S’il doit y avoir un véritable
bouleversement politique à l’occasion de cette élection présidentielle, c’est
bien plutôt par un jeu de recomposition qui n’est en vérité qu’une
clarification assez nécessaire : en ne soutenant pas Benoît Hamon, toute
une frange du Parti socialiste a soutenu Macron ne serait-ce que par un silence
significatif dans le meilleur des cas ; en appelant à voter pour le même
Macron au second tour de l’élection, presque tous les représentants historiques
des Républicains, de François Fillon à Alain Juppé en passant par Nicolas
Sarkozy, ont prouvé que l’opposition entre centre-gauche et centre-droit n’avait
bel et bien été que du cinéma pendant des années. Au vain spectacle d’illusionniste
de l’opposition gauche-droite, simulacre advenant sous le regard bienveillant de
l’Union européenne aux commandes, doit succéder une confrontation plus vive car
plus réelle entre les tenants de la mondialisation d’un côté, et ceux des états
nations de l’autre, à cela s’ajoutant une mise en question des élites
politiques et de leur rôle.
Bien que le royalisme ni, plus
précisément, le légitimisme ne soient naturellement pas concernés par une telle
élection présidentielle, une connaissance correcte de l’histoire de France
ainsi qu’un regard plus exigeant sur les institutions et leurs conséquences pourraient
permettre d’y voir un peu plus clair dans l’émergence de ce clivage qui
couvait, en vérité, depuis Maastricht et qui ne pouvait que s’imposer de plus
en plus depuis le referendum sur la constitution européenne de 2005, organisé
sous Jacques Chirac, et son reniement effectué par voie parlementaire à travers
le Traité de Lisbonne, sous Nicolas Sarkozy. Car si l’on peine à définir un
thème véritablement prédominant dans cette campagne présidentielle au niveau
médiocre, symbole indubitable de notre triste époque parmi tant d’autres, on
peut tout de même estimer que c’est l’opposition entre mondialisation et
souveraineté qui est la plus parlante, et par laquelle on peut regrouper
d’autres thématiques. Alors, certes, ce n’est hélas pas de souveraineté royale
dont il est question, la seule véritable et opérante sans laquelle ce débat ne
serait pas pertinent de la même façon, mais plutôt de la question d’une
indépendance plus ou moins relative, garantie par le chef de l’Etat d’un régime
contestable autant par son histoire que par sa forme.

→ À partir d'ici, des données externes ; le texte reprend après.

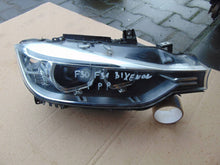 Load image into Gallery viewer, Frontscheinwerfer BMW 3 F30 F31 7259526 Rechts Scheinwerfer Headlight SCH1949318935fw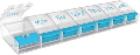 Pharmasystems Magnetic Deep Pill Organiser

Justement, les candidatures de
Benoît Hamon et surtout de Jean-Luc Mélenchon encourageaient à s’interroger sur
le rôle du président par rapport à leur idée de VIe République, mais qui se
contentait de proposer, pour aller vite, un rééquilibrage interne entre les
pouvoirs du président et du parlement, même si Mélenchon prévoyait un débat potentiellement
plus musclé avec l’Union européenne, qu’il n’avait pu l’être avec ses anciens
collègues socialistes libéraux. Mais de fait, si parmi les onze candidats du
premier tour beaucoup avaient des réserves sur l’exercice du pouvoir libéral de
l’UE, seulement trois d’entre eux portaient ces réserves à partir de questions
de principe, ainsi François Asselineau, Nicolas Dupont Aignan et Marine Le Pen.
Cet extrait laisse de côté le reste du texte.